In an evaporator, there is always the possibility that the distribution of refrigerant or air may be unequal between the circuits, which usually results in lower evaporator performance. In the case of equal distribution between circuits, the analysis of the Evaporator can be used, otherwise the multi-circuited evaporator is needed.
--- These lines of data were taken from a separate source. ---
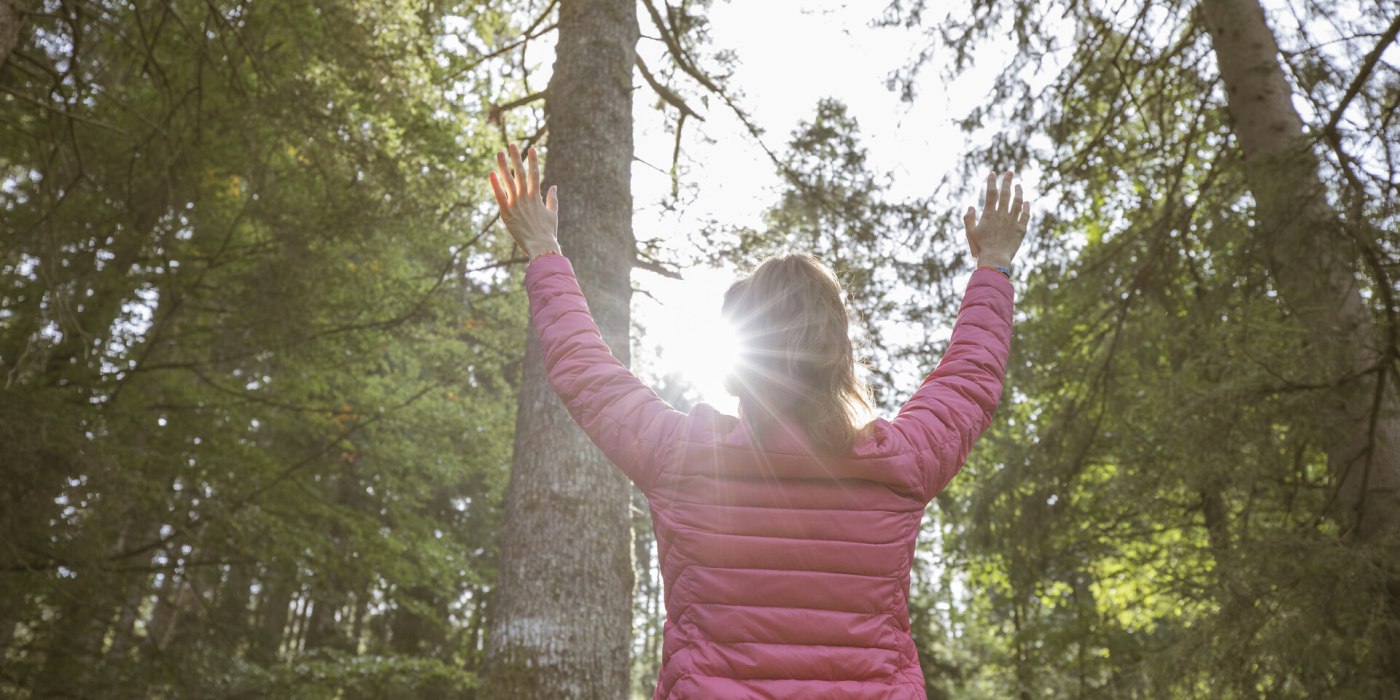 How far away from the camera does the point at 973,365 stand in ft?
6.23

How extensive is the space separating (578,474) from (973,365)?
275cm

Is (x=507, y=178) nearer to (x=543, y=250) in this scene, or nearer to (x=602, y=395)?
(x=543, y=250)

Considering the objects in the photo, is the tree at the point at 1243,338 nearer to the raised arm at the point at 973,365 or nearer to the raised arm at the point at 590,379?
the raised arm at the point at 973,365

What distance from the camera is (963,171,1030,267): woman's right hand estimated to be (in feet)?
6.92

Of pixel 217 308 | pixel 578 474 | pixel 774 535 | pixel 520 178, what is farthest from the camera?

The multi-circuited evaporator (MCE) analyzed as being a set of evaporators, each comprising one circuit, that are then each fed fed some (not necessarily even) distribution of refrigerant and air.

Mathematical Description

The MCE model is capable of handling the following types of maldistribution:

  • Volumetric air flow mal-distribution
  • Air-side inlet condition mal-distribution
  • Refrigerant mass-flow-per-circuit mal-distribution
  • Refrigerant quality-per-circuit mal-distribution

For the MCE, there are N_{circuits} circuits, and each circuit is treated as an individual evaporator, since then the analysis for each circuit can be provided by the analysis for the conventional evaporator with one circuit.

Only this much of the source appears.